Problem details ->
Word for word, copy the listing below and leave out its images.

═════ Recorded information

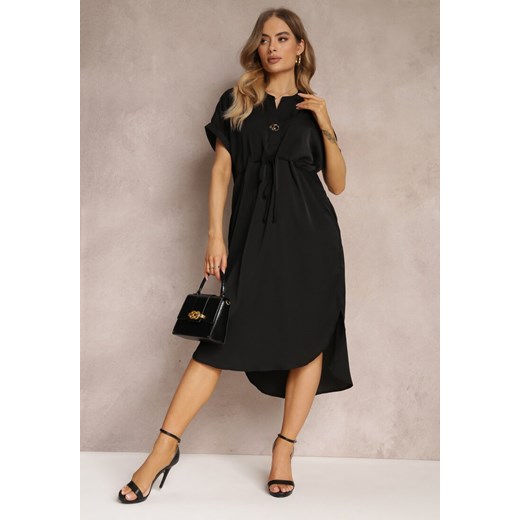 Czarna Pudełkowa Sukienka Oversize Ozdobiona Guzikiem Tiaka ze sklepu Renee odzież w kategorii Sukienki - zdjęcie 159161042
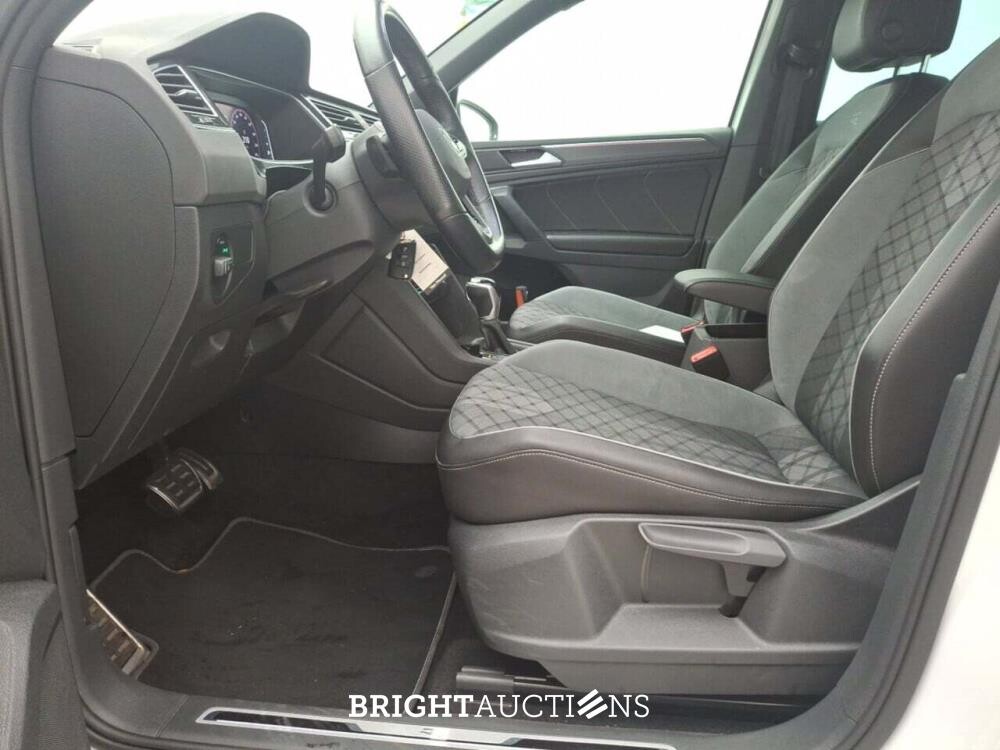 Volkswagen Tiguan R-Line 1.5 TSI 150pk 2021 (Origineel-NL), K-340-VD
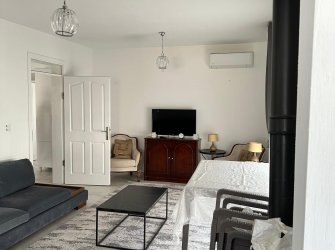 GÜLLÜK'TE  DENİZ MANZARALI TADİLATI YAPILMIŞ MÜSTAKİL EV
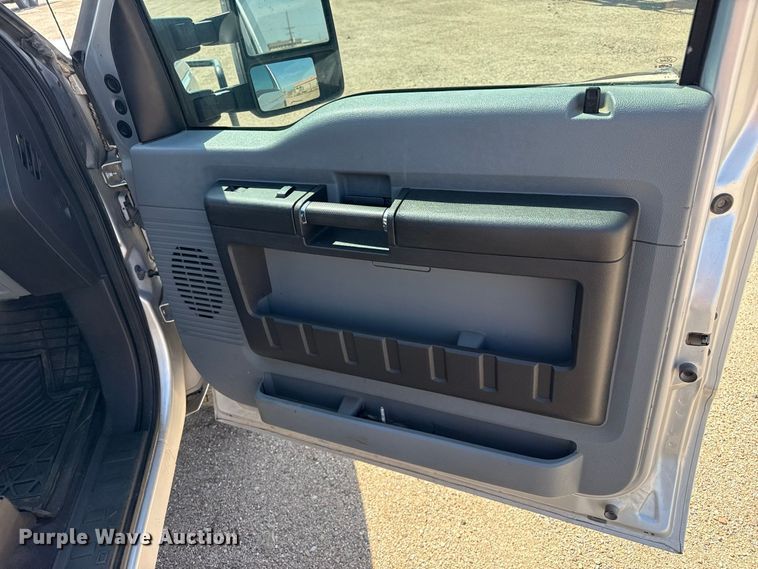 image for item FB6941 2015 Ford F350 Super Duty XL Crew Cab pickup truck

══════════

Solution to the problem ->
 Czarna Pudełkowa Sukienka Oversize Ozdobiona Guzikiem Tiaka ze sklepu Renee odzież w kategorii Sukienki - zdjęcie 159161042
 Volkswagen Tiguan R-Line 1.5 TSI 150pk 2021 (Origineel-NL), K-340-VD
 GÜLLÜK'TE  DENİZ MANZARALI TADİLATI YAPILMIŞ MÜSTAKİL EV
 image for item FB6941 2015 Ford F350 Super Duty XL Crew Cab pickup truck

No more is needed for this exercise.